In another post, you mention

>Bad ways [to bring your whole self to work]: just yammering about how you are poly, bi, trans, and a revolutionary anarchist while we are trying to finalize OKRs for the quarter.

Do you know who 'yammers' most about their personal lives? Straight people with kids! It's not even close. I wish the majority of people doing the yammering were poly, bi and trans. It might be a touch less boring.


See, you have improperly conflated reproductive preference with sexual orientation and gender expression. That's exclusionary!
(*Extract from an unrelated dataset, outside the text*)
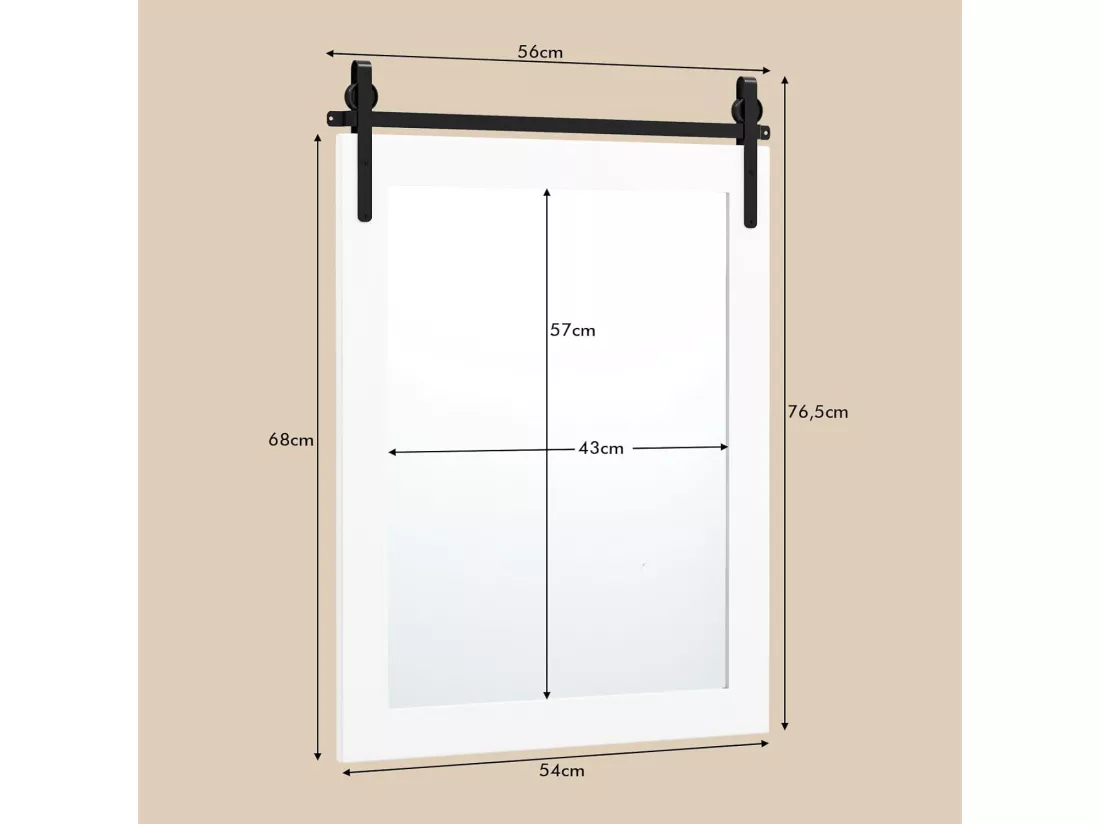 Miroir Mural Rustique avec Cadre en Bois Massif, Miroir avec kit, 76 x 56 cm (Blanc)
No, I haven't. I'm just saying that straight people with kids often talk about their personal lives at work (which is fine), whereas other groups of people don't always feel as free to do the same thing. If we were making a list of "kinds of people who are likely to talk lots about their personal lives in a work environment", then bi trans poly folks would not be at the top of it. If you genuinely disagree with any of those points then we can have a discussion about it. But I can't really connect your sarcastic response with what I originally said.


> If we were making a list of "kinds of people who are likely to talk lots about their personal lives in a work environment", then bi trans poly folks would not be at the top of it.

Correct. The #1 position for people who talk about their personal life and interests at work, far ahead of anyone else, would be the people who really love bicycles. Straight people with kids would be somewhere in the top 10, although perhaps not in the top 5. And gay, bi and trans folk would not even be in the top 10.